While it has been demonstrated convincingly that LTA binds to PAFR in bronchial epithelial cells and mediates proinflammatory signals to this cell type (5), we have recently shown that activation of human keratinocytes by Staphylococcus aureus mainly signals through the Toll- like receptor 2 (TLR2) (6). This activation leads to the translocation of NF-kappa B which is followed by the induction of proinflammatory NF-kappa- B- controlled genes such as IL8, iNOS and also COX-II. This process, however, does not require PAFR-signaling as the two potent inhibitors HAGPH and CV3988 are not able of inhibiting this activation in contrast to the blockade of TLR-2 which abrogates NF-kappa-B activation (6). The pro- inflammatory effect of S. aureus can be partially mimicked by purified LTA and LTA-activation of human keratinocytes strongly resembles the activation induced by S. aureus (6).
Unfortunately, this pro-inflammatory effect of LTA which is repeatedly described in the literature was not investigated in the study by Zhang et al., (1).
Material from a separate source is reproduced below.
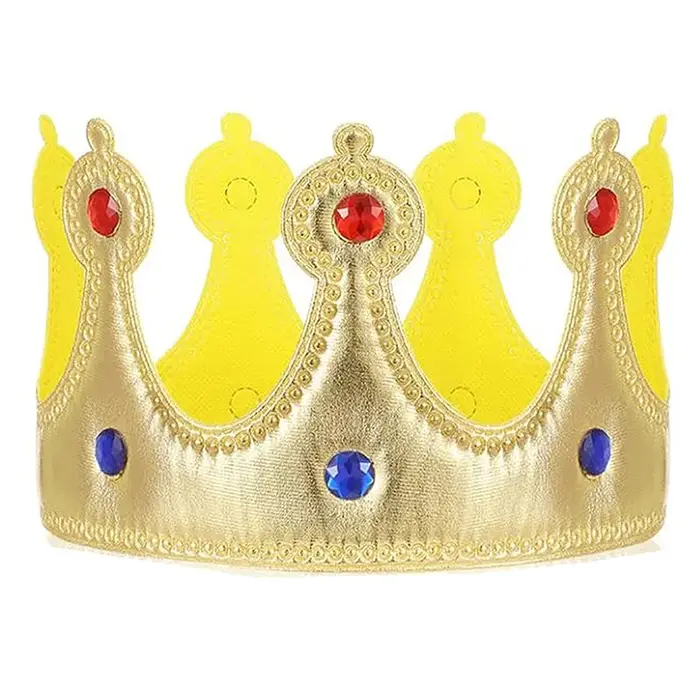 Couronne de joyeux anniversaire pour animaux de compagnie, fournitures de festival, produits pour ch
The finding that delayed-type hypersensitivity reactions in mice can be inhibited through LTA in a PAFR-and IL10-dependent way is of great interest for the understanding of staphylococcal infections, however, we wonder if this phenomenon also plays a role in human skin diseases. First, the authors did not extend their studies to IL10-production in human keratinocytes. Second, the vast majority of human epithelial cell types produce large amounts of pro-inflammatory cytokines when activated by LTA and only minute amounts of IL10, a finding which is also seen in primary keratinocytes in our experiments (6-9). Third, in human airway epithelial cells, the binding of LTA to both potential receptors (PAFR and TLR2) is followed by the translocation of NF kappa B (5). The promoter of IL10 in turn lacks NF kappa B binding sites (10,11) so that an activation through this pro-inflammatory pathway seems unlikely. We would have appreciated a more detailed analysis of the possibly involved signalling mechanisms leading to IL10 production.
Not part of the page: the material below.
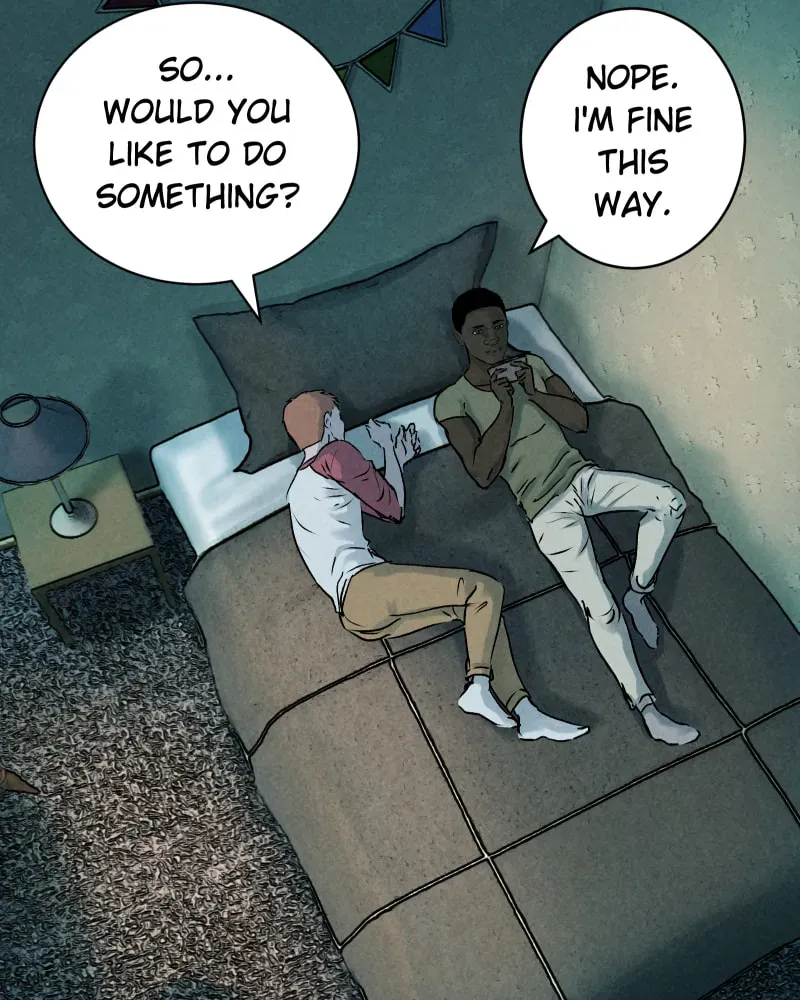 Hitsuji ga Ippiki Chapter 11 page 21 -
The presence of staphylococci on the skin of atopic dermatitis patients is a well known problem of this disease. The question as to weather staphylococci by themselves are a triggering factor of or if the colonization is a consequence of skin inflammation is a matter of continuing debate (12). The presented hypothesis, however, that staphylococci use the keratinocyte PAFR to induce IL10 in chronic lesions is in our eyes very speculative. Not only that neither in acute (predominately IL4 and IL13) nor in chronic lesions (IL12, IFNg and IL5) a dominant IL10-production is found (13, 14), the authors also omit to mention that there has already been a large clinical trial using the PAF- antagonist RO-24-0238 which failed to show any clinical effect (15).